After finishing the tattoo, it would be the first time venturing out of the house without the concealing protection of a hat, though the tattoo was, in a sense, a beautiful head covering which allowed me to walk around with a feeling of confidence. I received a lot of compliments when I picked the kids up from school. The first question people asked was if it hurt until I explained that it was a temporary henna tattoo. My kids’ classmates were the best, because kids have that uninhibited way of wanting to see new things and learn. Some thought it was a wild haircut, others wondered what it was, but they all thought it was really cool. Adults asked questions too, but with a little more reservation.

All in all, it was a perfect way to get myself mentally prepared for another round of chemo. I need to make sure the positives of this experience outweigh the negatives. There are definitely moments when I just want to have all of this behind me. But since I can’t control that, the least I can do while I endure the treatments is to create wonderful memories that I will cherish as I put this experience behind me. So far, so good.

I am Not my Hair

I am Not my Hair

When I first told my kids that I had cancer, one of the first questions they asked me was if I was going to lose my hair. I think, for my oldest daughter especially, this was one of the most devastating effects. I’ve never been terribly vain, and was not too worried about losing my hair, because I knew it would be temporary. However, I am raising kids who are into hair, make-up, fashion and all things girly, and they were worried about me losing my hair. I’ve heard it over and over again, it helps to shave the hair off before the chemo makes it fall out in an effort to have some control over it. If that is the case, then I figured that I could involve the kids in the hair cutting to let them control the part of this that concerns them.

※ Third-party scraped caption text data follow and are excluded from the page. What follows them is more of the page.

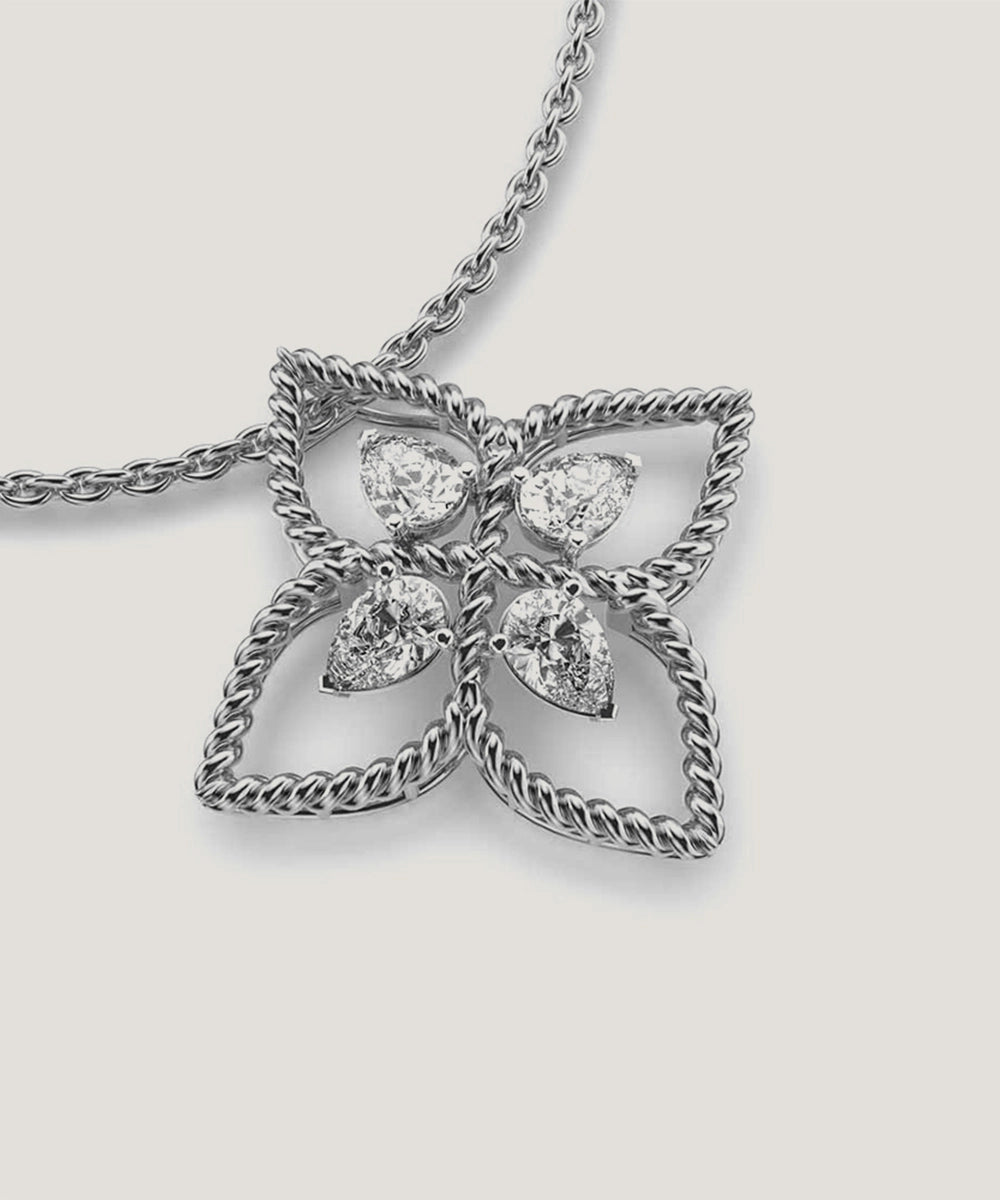 Flower Diamond Necklace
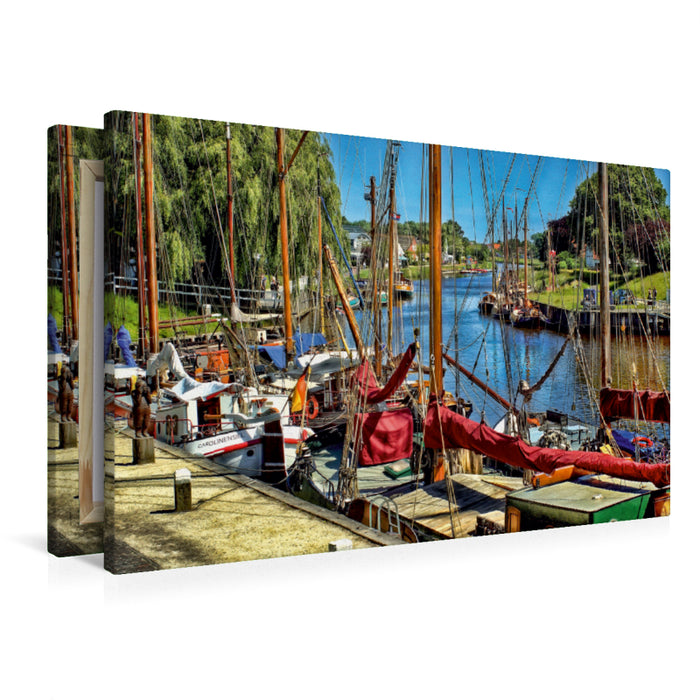 Premium Textil-Leinwand Der Hafen Carolinensiel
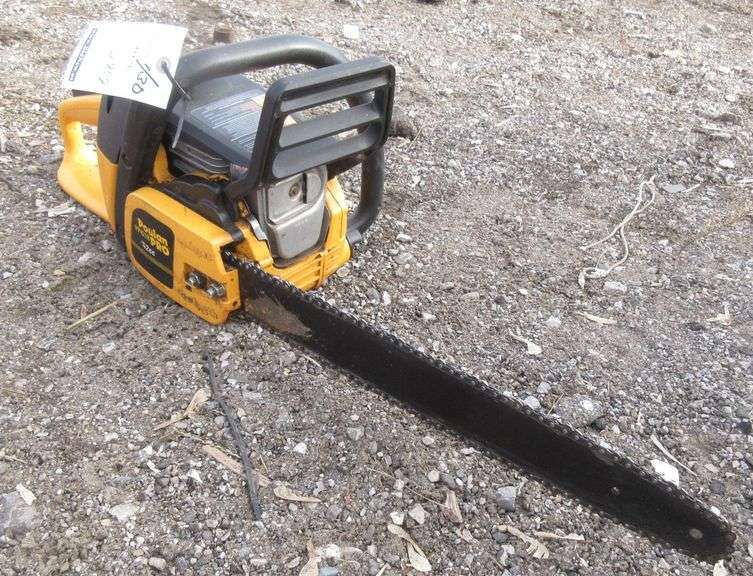 Poulan chainsaw, pulls free but won't start, as is Albrecht Auction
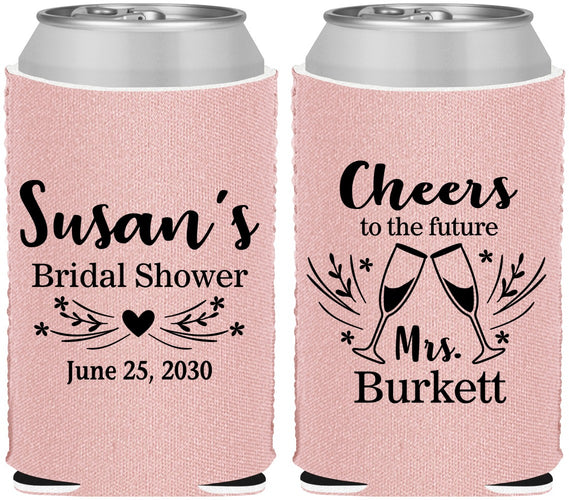 Custom Bridal Shower Neoprene Can Coolers - Future Mrs | 100005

Phase one was about 2 weeks ago, shortly after the first round of chemo. I made a ponytail close to my scalp and divided it in half. I let each of my daughters make a braid and cut it off. That was it. Two snips. We never evened it up or anything, and it was the best haircut I’ve had in a long time! I told the girls about Locks for Love. They thought it was cool that another kid could get a wig made out of my hair, so we shipped my two braids off to Locks for Love. After that, I let the kids dye my remaining hair purple, electric blue and crimson red. It was a fun look.

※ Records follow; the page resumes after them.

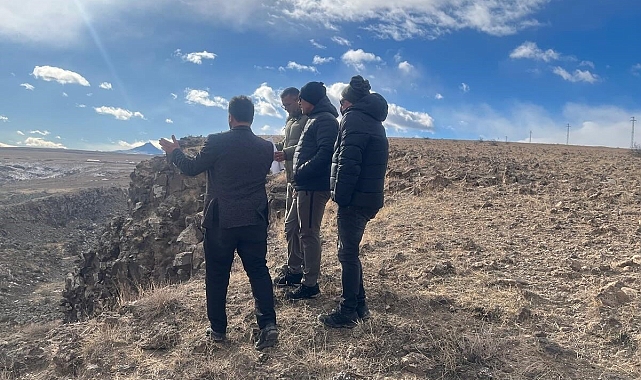 Kars'ta köylerde mera incelemeleri devam ediyor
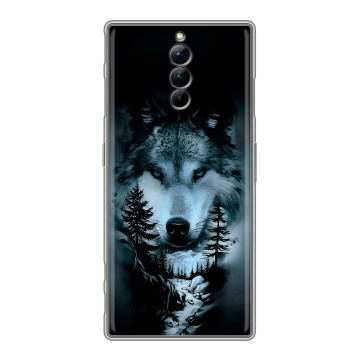 Силиконовый чехол на ZTE Nubia Red Magic 8S Pro с принтом Лесной волк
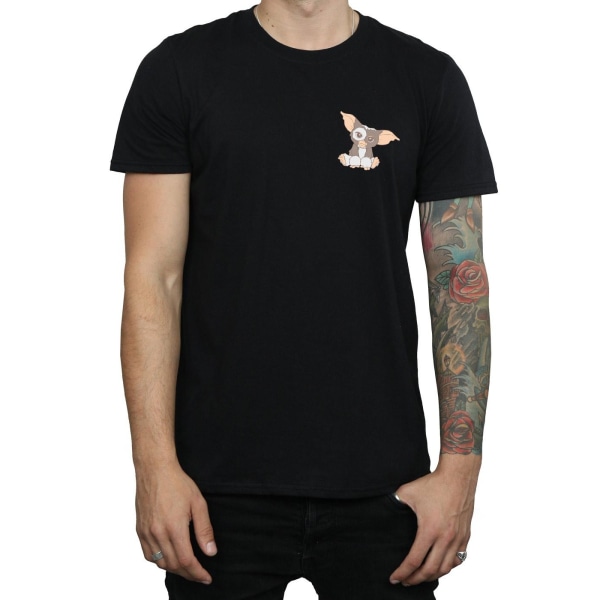 Gremlins Herr Gizmo Bröst T-shirt L Svart Black L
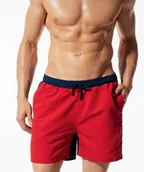 Kąpielówki męskie - BOKSERKI KĄPIELOWE ATLANTIC KMB-182 (kolor niebieski, rozmiar XL) - miniaturka - grafika 1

People kept asking me if I really wanted to cut my hair before I knew it would fall out. My doctors and nurses were pretty confident that it would, since it was a big side effect of all three of the drugs I was getting, so I felt it was a safe bet. My physical therapist was the one who was spot on. She explained that around day 17, I would start seeing more hair shedding on my brush and in the shower. Then a few days later, it would start coming out in clumps. She explained that at that point, people usually shave it off. Sure enough, it started on day 16, as I ran my hands through my hair in the shower, hair was getting everywhere. Finally, I couldn’t stand it anymore, because, if I pulled on my hair, big clumps were coming out, and that part of it did freak me out a bit. So, last night, I put the electric razor in the kids hands again and let them shave the rest off. Right now, I match my hairless cat, Gizmo, with peach fuzz covering my head. It’s still actively falling out and driving me nuts, like when you just get a haircut and the hairs get in your shirt and itch like mad. Tonight, it all goes.